**DATA SEGMENT:**
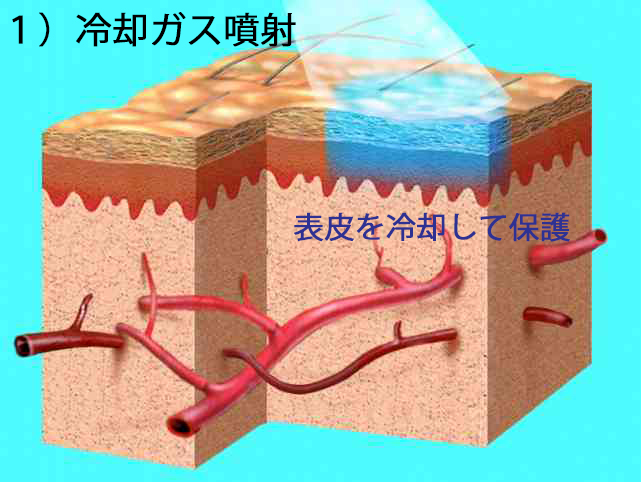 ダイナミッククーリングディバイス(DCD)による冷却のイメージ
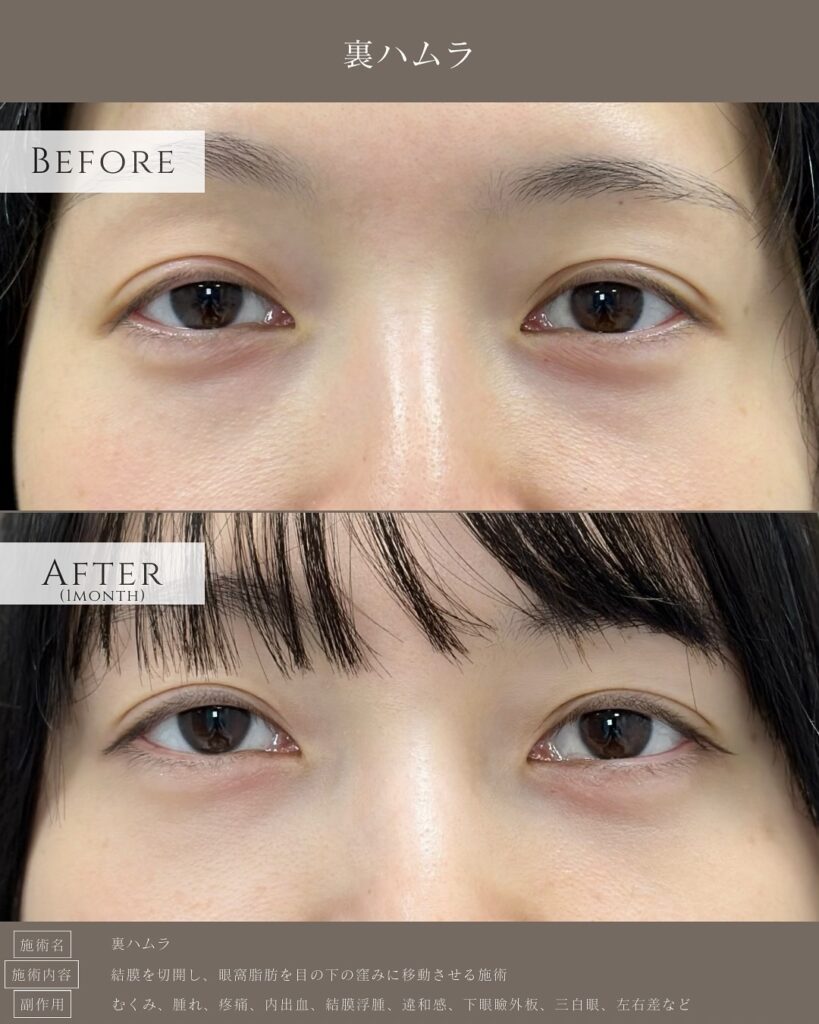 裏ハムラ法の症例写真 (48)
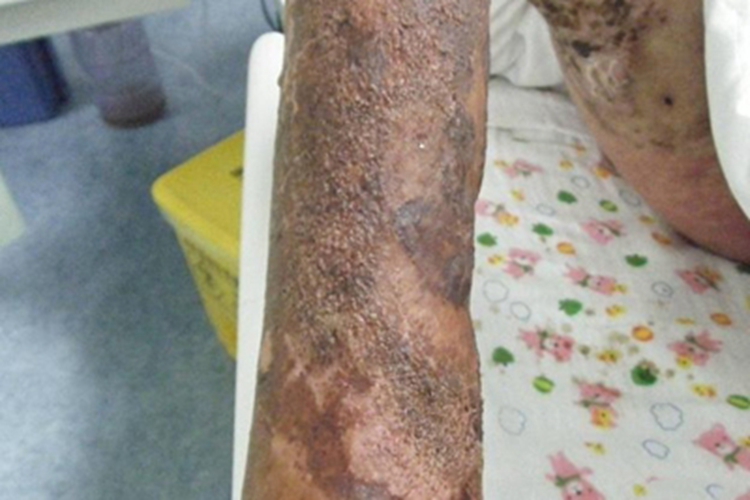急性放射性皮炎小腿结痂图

**DIRECTIONS:** From the first line to the last, reproduce the listing above exactly, leaving the pictures out.

**SOLUTION FOR THIS TASK:**
 ダイナミッククーリングディバイス(DCD)による冷却のイメージ
 裏ハムラ法の症例写真 (48)
急性放射性皮炎小腿结痂图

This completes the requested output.